A small group of killer whales visited Southern California waters on New Year’s Day for the second year in a row. In fact, this same group of transient killer whales, from the Monterey area, has made 24 visits during the past 16 months. But this time Eric Martin and was ready for them, with a camera attached to a six-foot-long PVC pole. His incredible footage shows a 2-year-old female swimming upside-down, and a larger male swimming directly to the camera.
“We were eyeball to eyeball.
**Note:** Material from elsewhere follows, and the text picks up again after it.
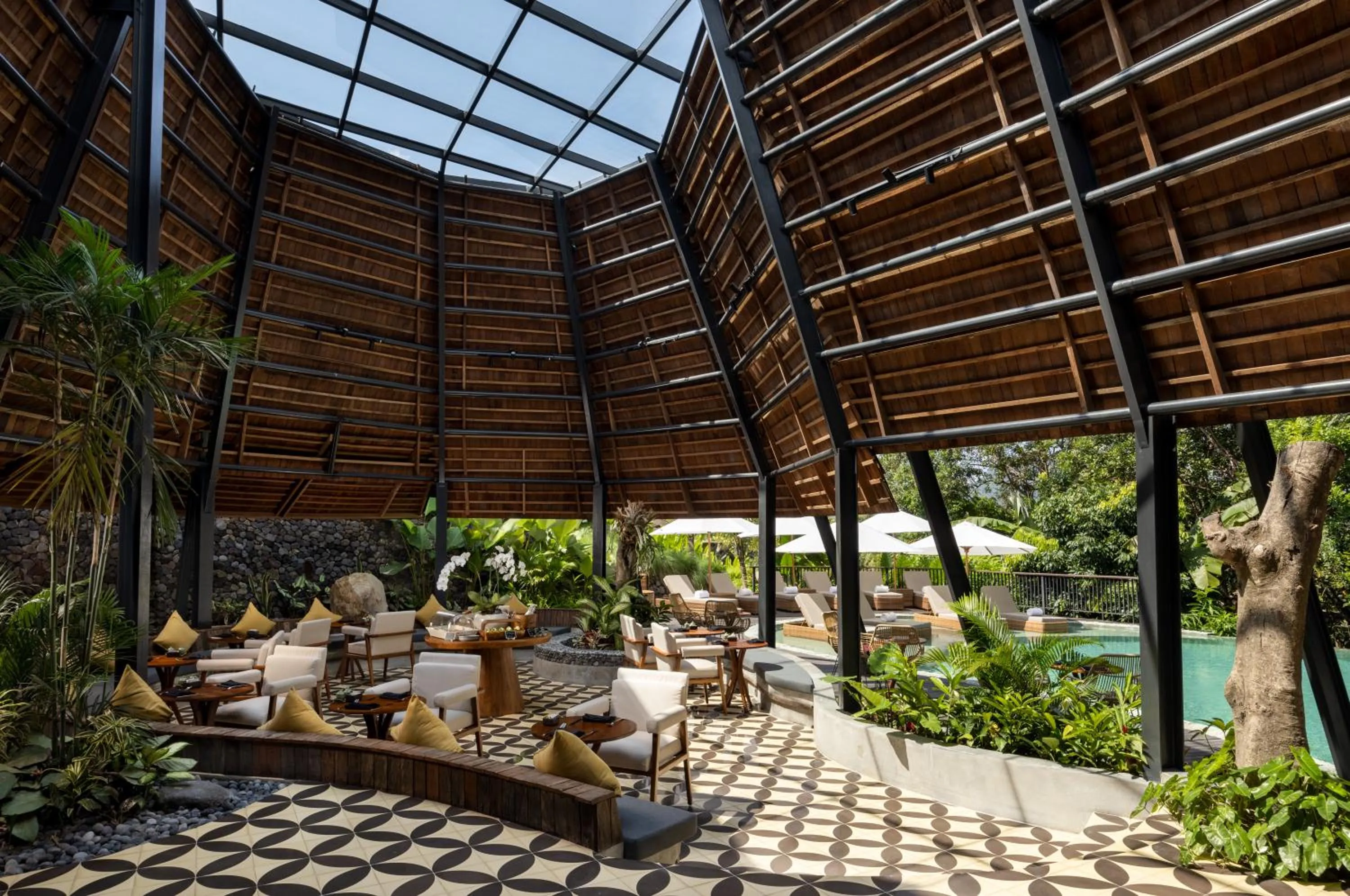 Restaurant/places to eat in The Wapa Lux Tent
I could have put my hand down and touched it,” Martin said of the closest killer whale, or orca. (Viewers should turn up the volume to hear Martin reacting during this dauntingly close pass.)
The four orcas are part of a family group photo-cataloged by researchers as CA51s. CA51 is the mother and with her were three of her four offspring: two brothers (51c and 51b) and Comet (51d).
Not present on this visit were a second daughter and two grand kids.
The CA51s are sometimes referred to as the “friendly pod” because of their apparent curiosity toward boaters.
The same orca that treated Martin to a face-to-face look–51c, a 9-year-old sprouting male–greeted his vessel with a subtle belly-bump during a visit in early December.
The four orcas were first seen Tuesday by volunteers from the ACS-L.A. Gray Whale Census and Behavior Project, which operates from the Point Vicente Interpretive Center on the Palos Verdes peninsula.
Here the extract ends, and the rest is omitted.